#### TRY IT
The answer consists solely of the lines running from the one with "Ordinary labour demonstrating" through the final line below, transcribed exactly and without any pictures.

Image-caption web data:
+ + +
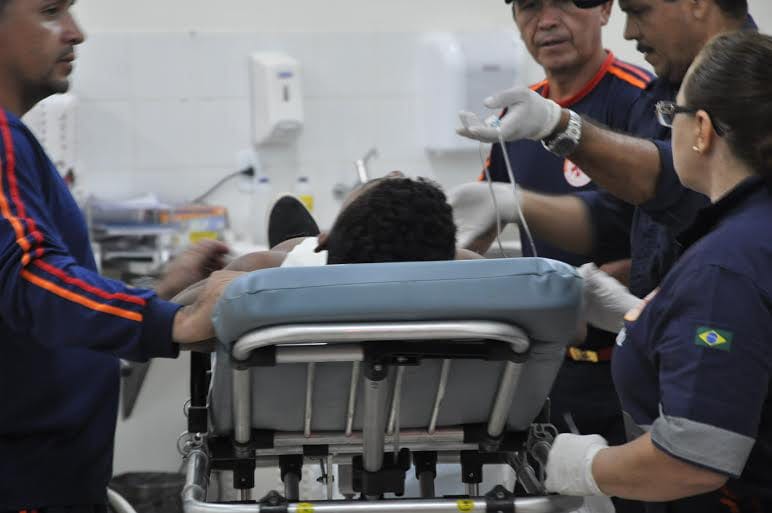 Adolescente foi atingido no pescoço e nas costas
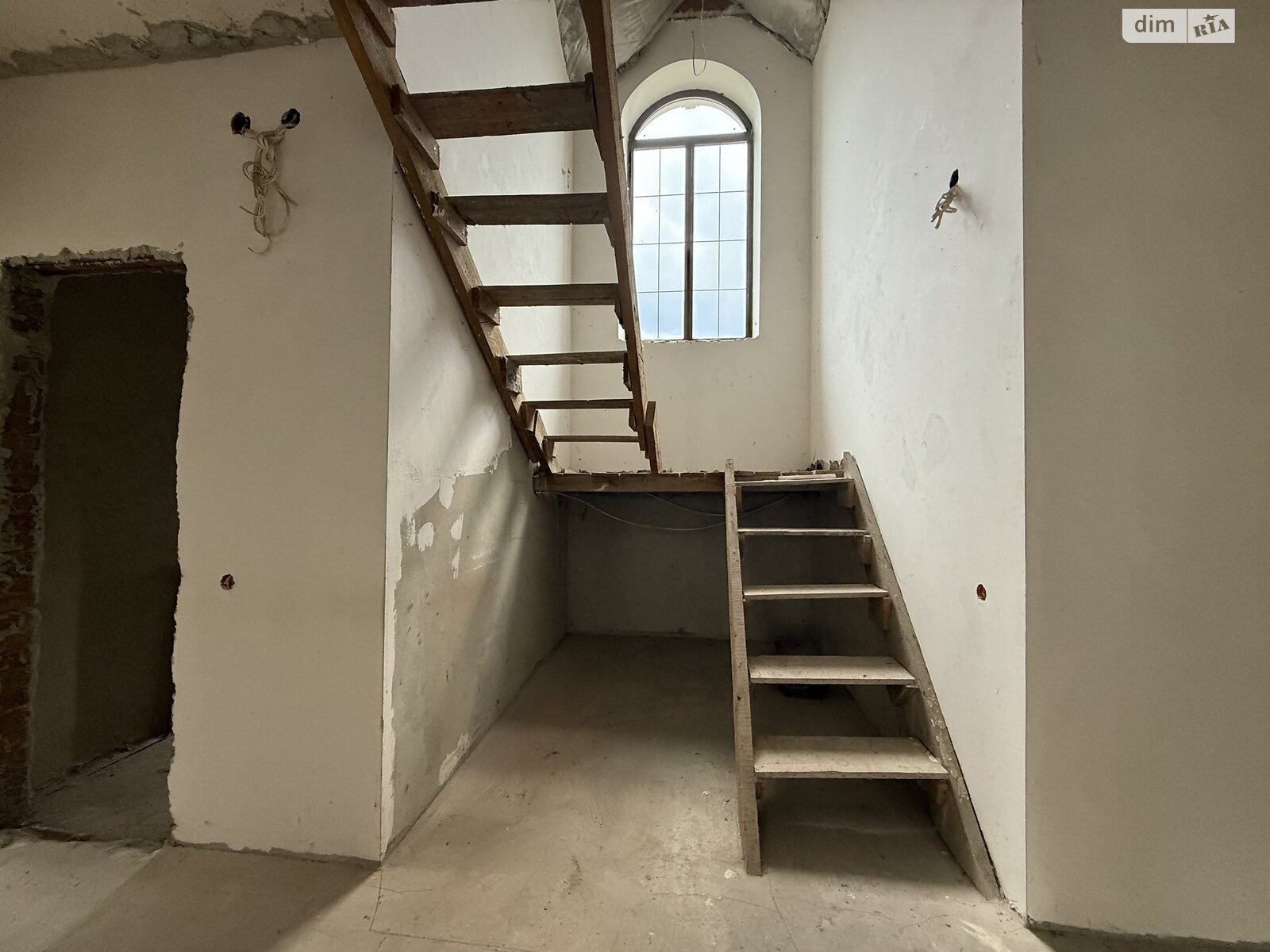 двоповерховий будинок, 320 кв. м, цегла. Продаж у Романкові фото 1 двоповерховий будинок, 320 кв. м, цегла. Продаж у Романкові фото 1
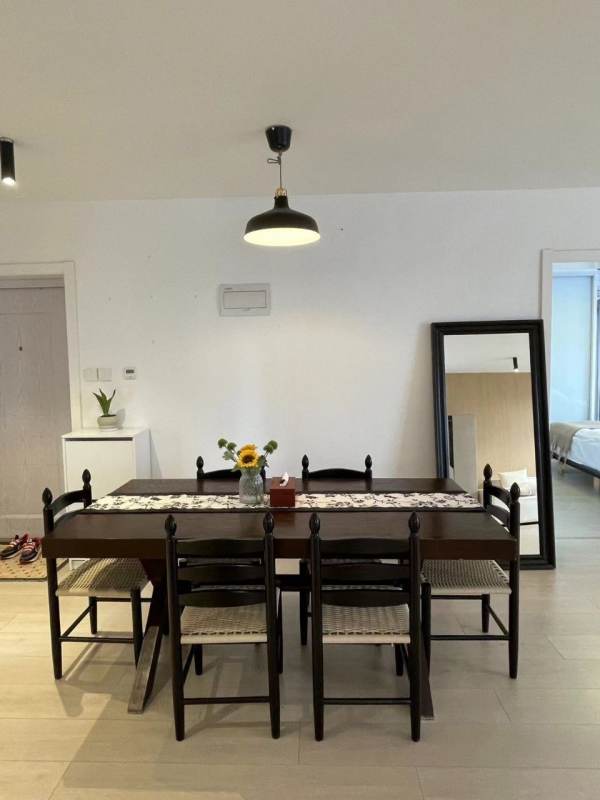 Housing image — Dining Area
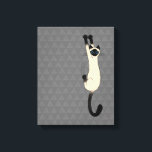 Siamese kat op | Funny Cat Canvas Afdruk<br><div class="desc">Wilde en Crazy Siamese Cat Holding met wetten. Voeg wat lol toe aan je woonruimte met de kunst van deze grappige kat minnaar. Dat maakt een groot cadeau voor katten. Een origineel ontwerp ©Jenn Kay.</div>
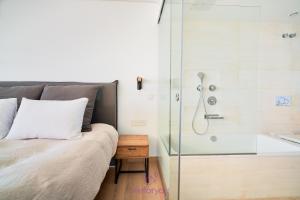 A bathroom at weforyou Med One Exclusive Sea Views 3 Bedrooms Apartament A 3A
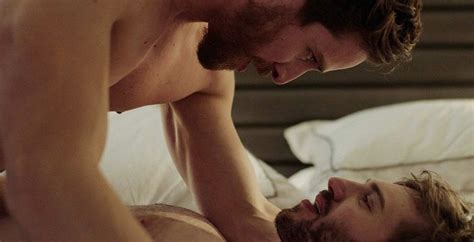 Exclusivo veja trailer do filme gay de rúgbi Ao Seu Lado Guia Gay Salvador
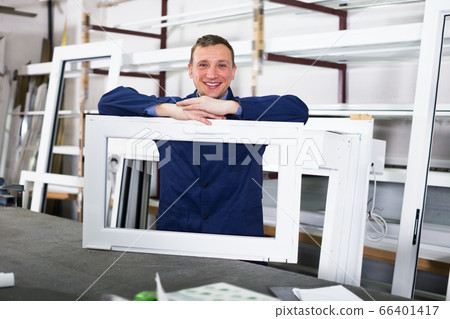 Ordinary labour demonstrating PVC profiles 66401417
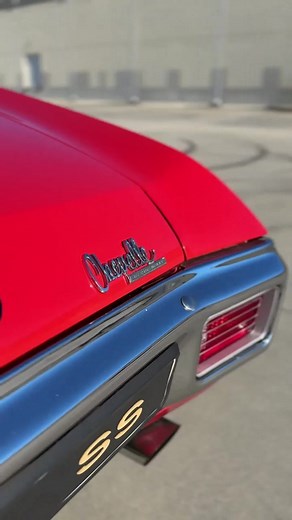 FIve-FIve-FIve... We wrote it that way because this handsome Chevy features 555 cubic inches of Fuel Injected big block! Read all about it here: https://rb.gy/7m2nef #Chevy #Chevrolet #ChevroletPerformance #ChevyNation #Chevelle #AmericanMuscle #ClassicCars #StreetsideClassics #ClassicCarsDaily #BigBlock #V8 | Streetside Classics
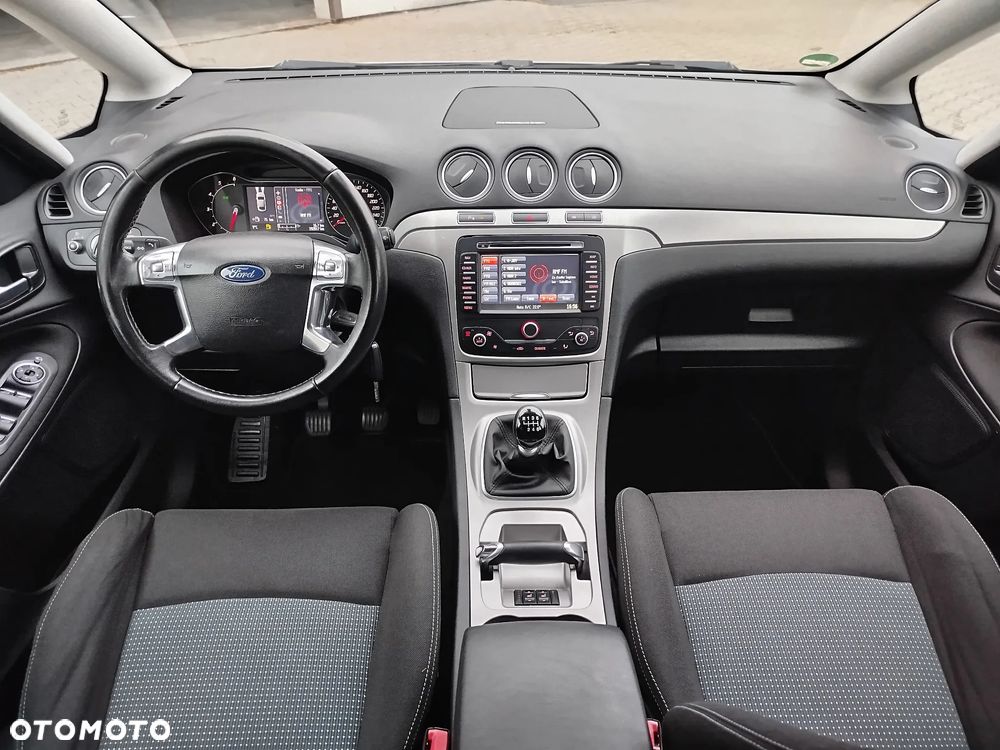 Ford S-Max 2011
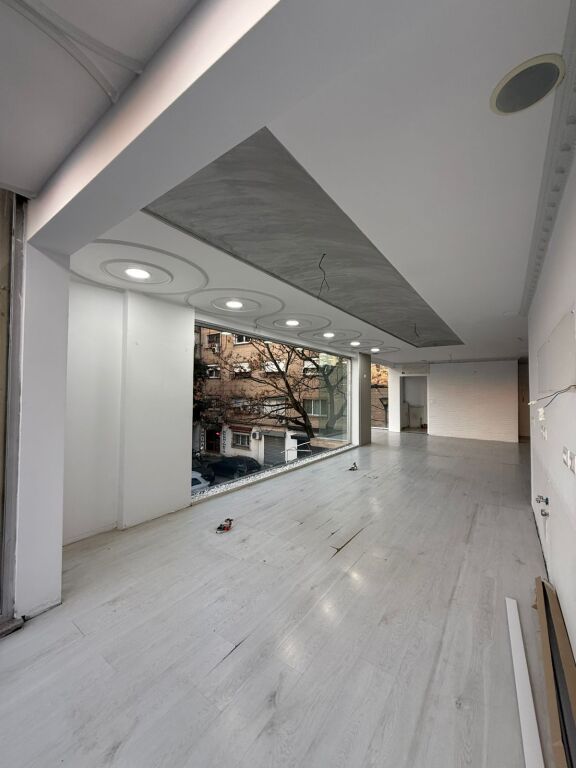 Për Shitje: Ambient Komercial / Showroom Lokacion: Muhamet Gjollesha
+ + +
#### THE ANSWER
 Ordinary labour demonstrating PVC profiles 66401417
 FIve-FIve-FIve... We wrote it that way because this handsome Chevy features 555 cubic inches of Fuel Injected big block! Read all about it here: https://rb.gy/7m2nef #Chevy #Chevrolet #ChevroletPerformance #ChevyNation #Chevelle #AmericanMuscle #ClassicCars #StreetsideClassics #ClassicCarsDaily #BigBlock #V8 | Streetside Classics
 Ford S-Max 2011
 Për Shitje: Ambient Komercial / Showroom Lokacion: Muhamet Gjollesha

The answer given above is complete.